=== Begin Enclosure ===
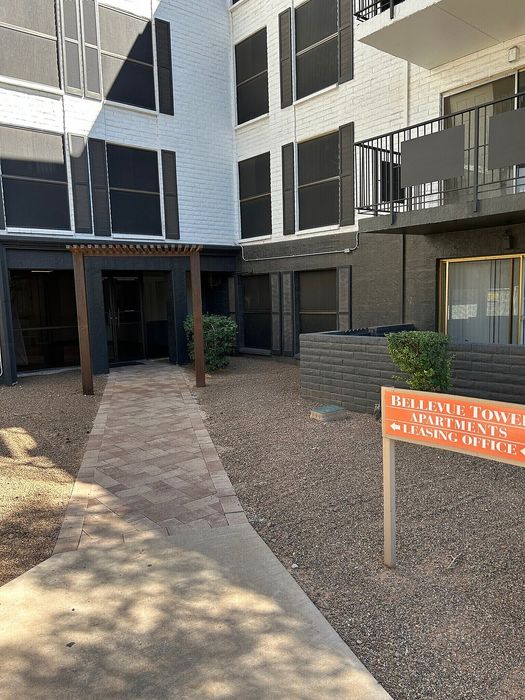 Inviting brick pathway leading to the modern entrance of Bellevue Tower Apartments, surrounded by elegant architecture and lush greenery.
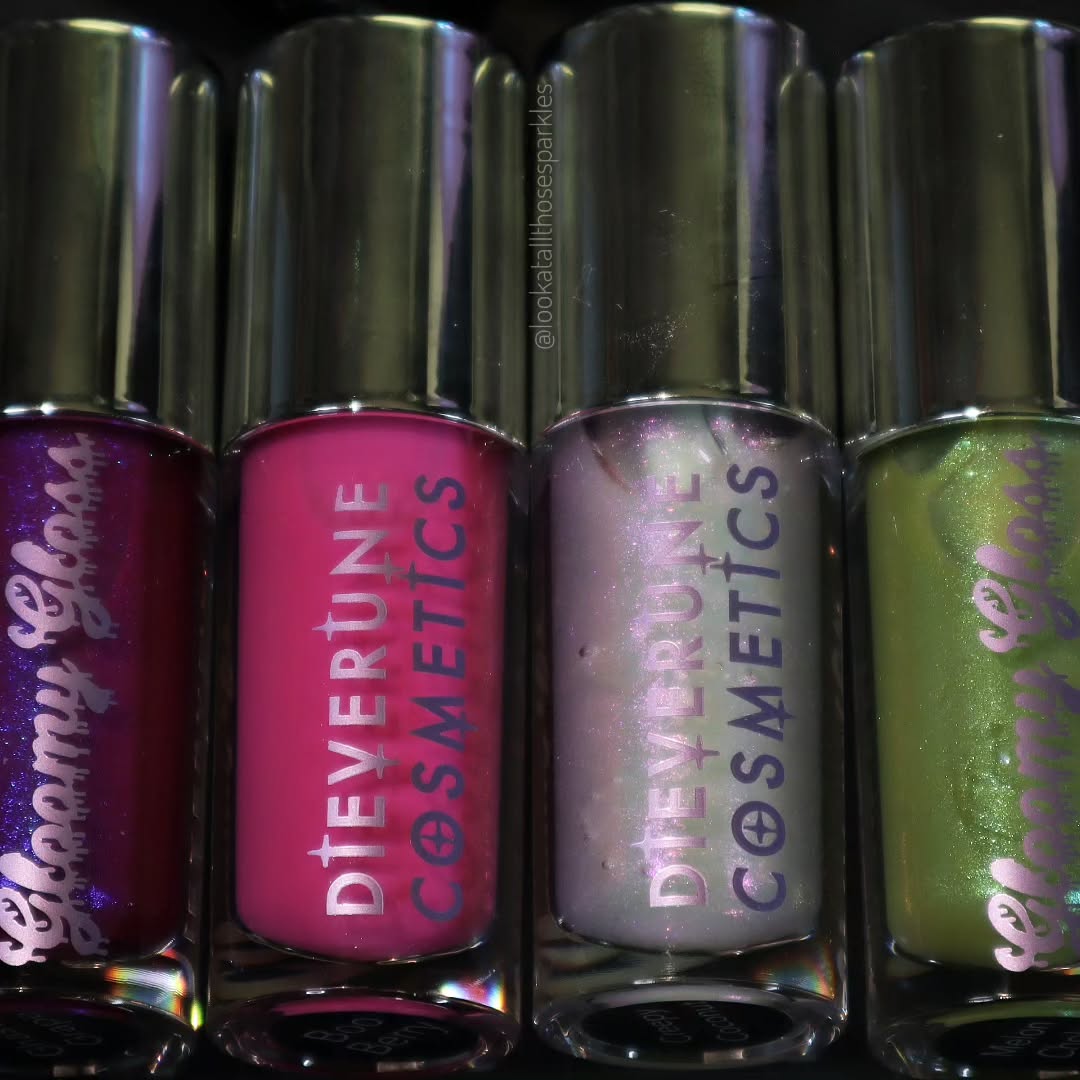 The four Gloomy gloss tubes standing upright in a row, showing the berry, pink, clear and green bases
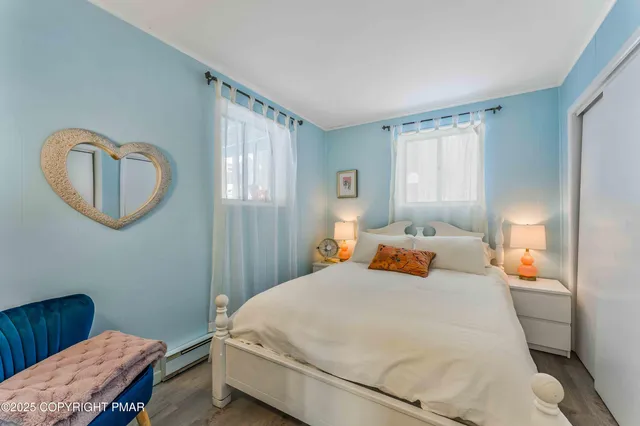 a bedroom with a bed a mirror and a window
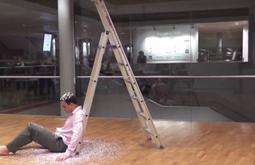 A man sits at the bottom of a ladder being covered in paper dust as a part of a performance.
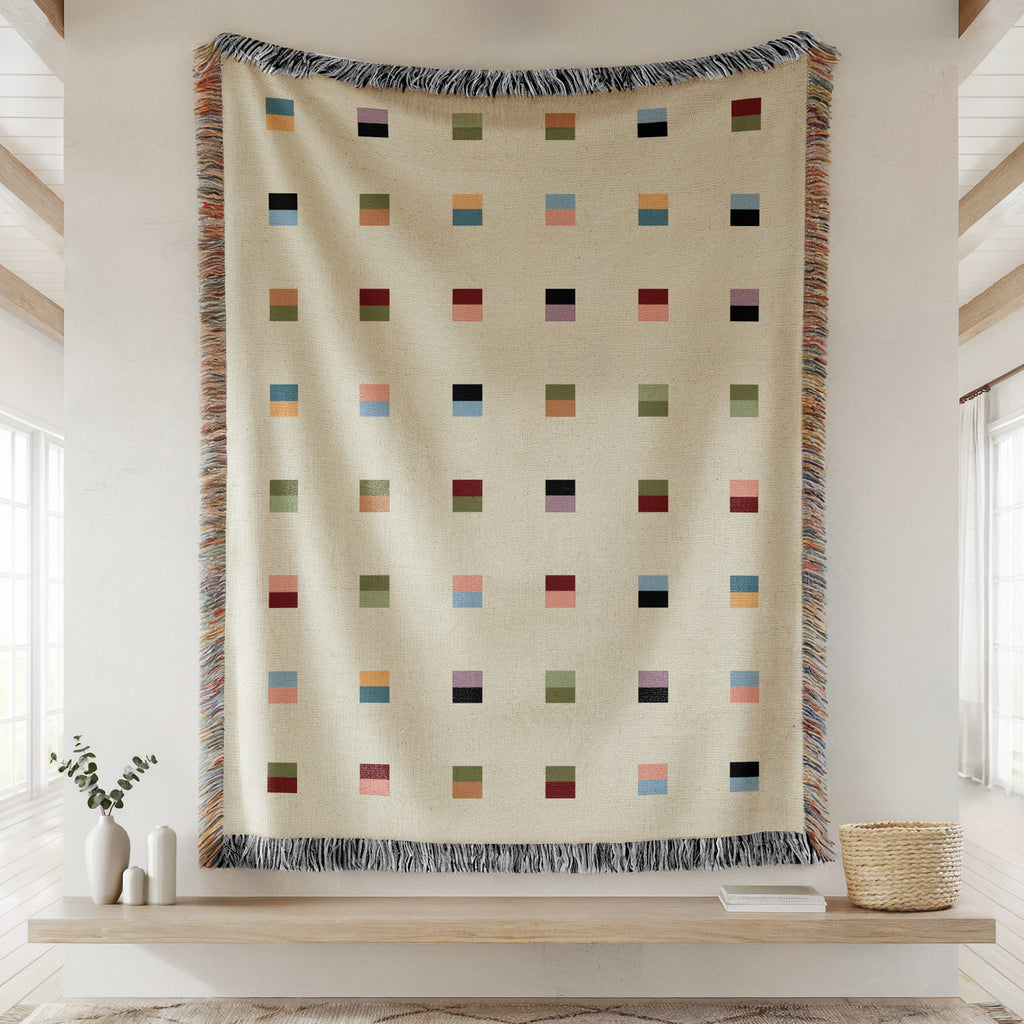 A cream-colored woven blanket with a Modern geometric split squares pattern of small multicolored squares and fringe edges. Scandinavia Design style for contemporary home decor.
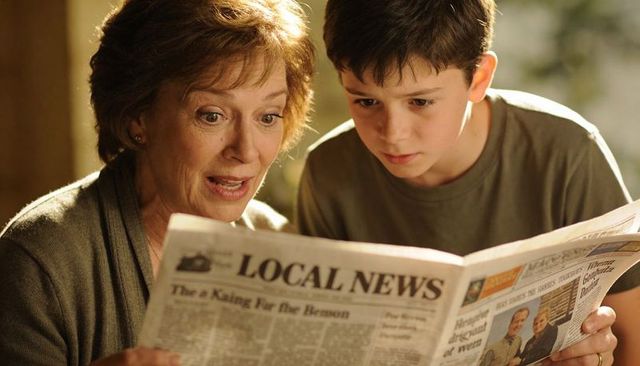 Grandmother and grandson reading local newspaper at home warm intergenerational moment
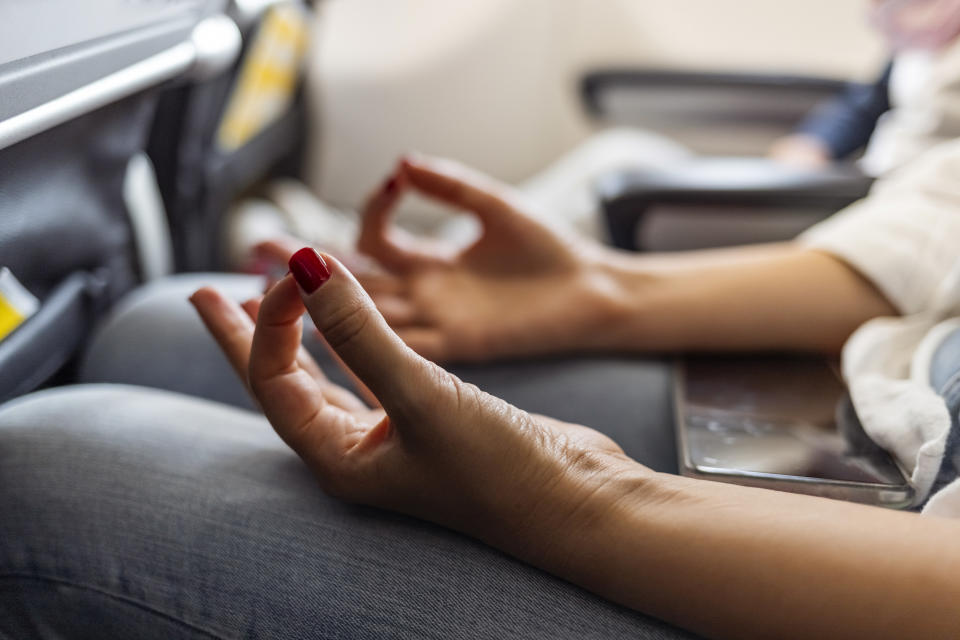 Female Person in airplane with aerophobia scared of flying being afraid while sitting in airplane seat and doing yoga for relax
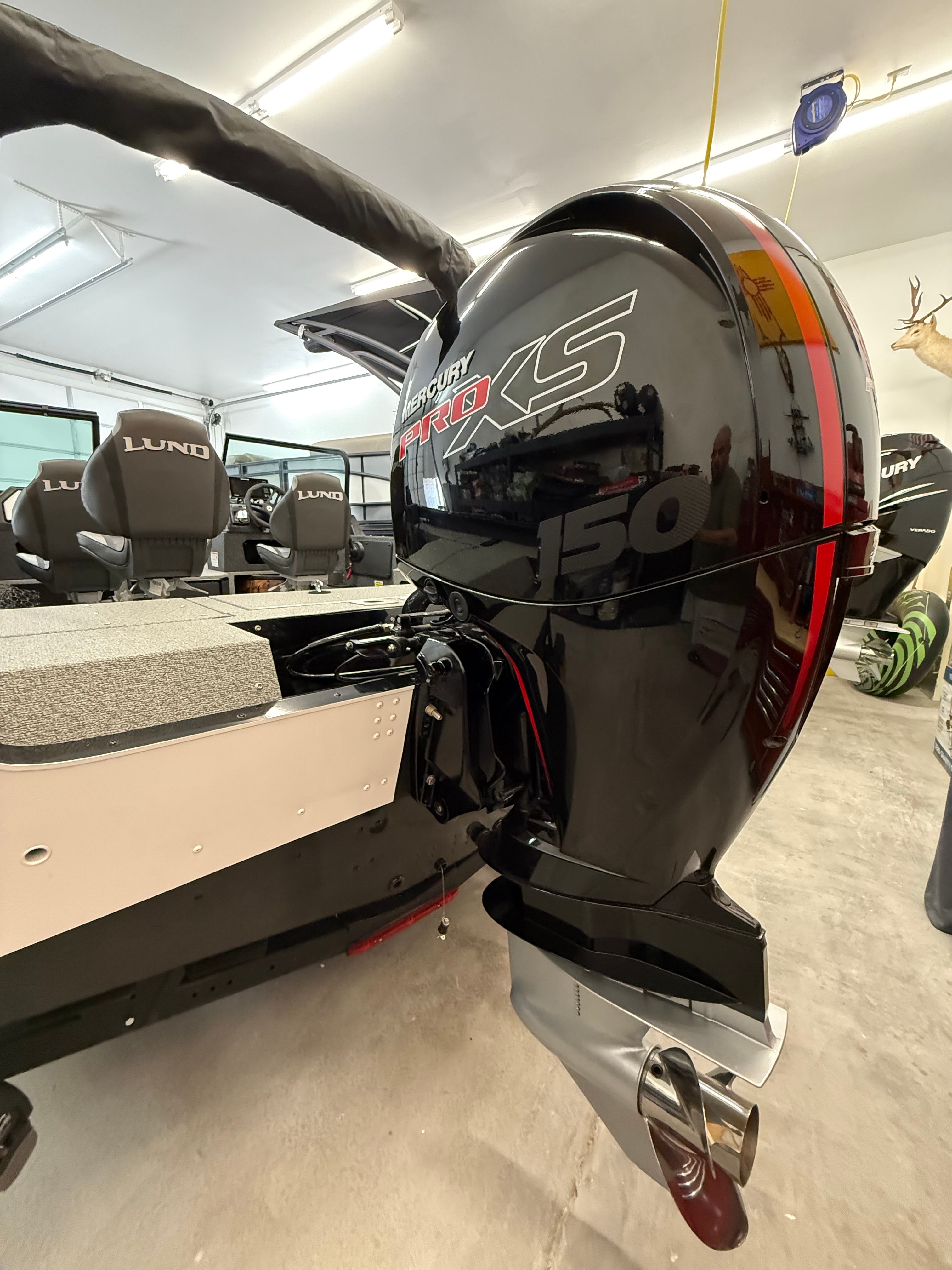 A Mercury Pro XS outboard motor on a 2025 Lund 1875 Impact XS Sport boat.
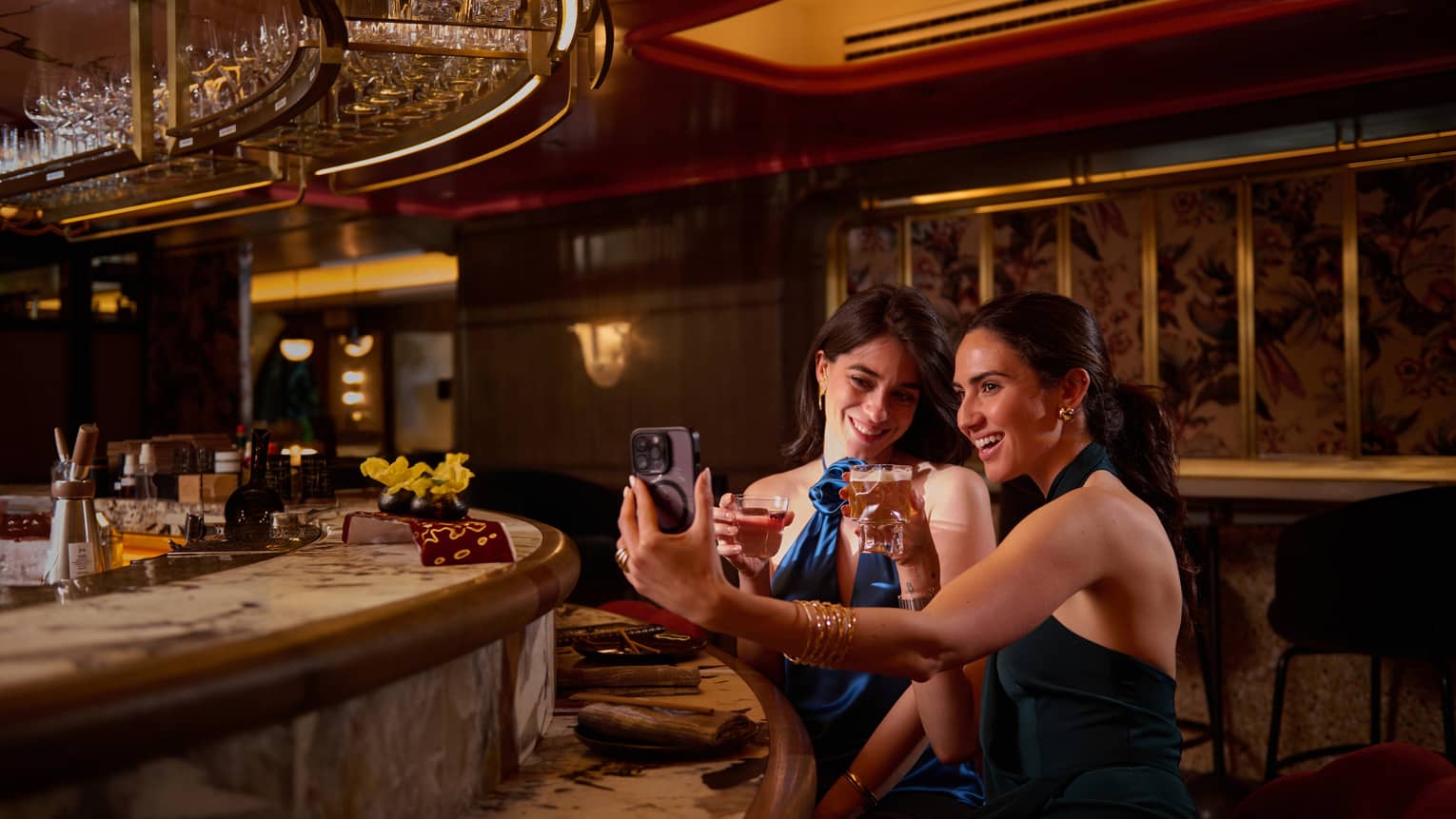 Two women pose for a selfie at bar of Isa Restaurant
=== End Enclosure ===
YOUR ASSIGNMENT: Reproduce the material above verbatim; omit every picture.

WRITTEN RESPONSE:
 Inviting brick pathway leading to the modern entrance of Bellevue Tower Apartments, surrounded by elegant architecture and lush greenery.
 The four Gloomy gloss tubes standing upright in a row, showing the berry, pink, clear and green bases
 a bedroom with a bed a mirror and a window
 A man sits at the bottom of a ladder being covered in paper dust as a part of a performance.
 A cream-colored woven blanket with a Modern geometric split squares pattern of small multicolored squares and fringe edges. Scandinavia Design style for contemporary home decor.
 Grandmother and grandson reading local newspaper at home warm intergenerational moment
 Female Person in airplane with aerophobia scared of flying being afraid while sitting in airplane seat and doing yoga for relax
 A Mercury Pro XS outboard motor on a 2025 Lund 1875 Impact XS Sport boat.
 Two women pose for a selfie at bar of Isa Restaurant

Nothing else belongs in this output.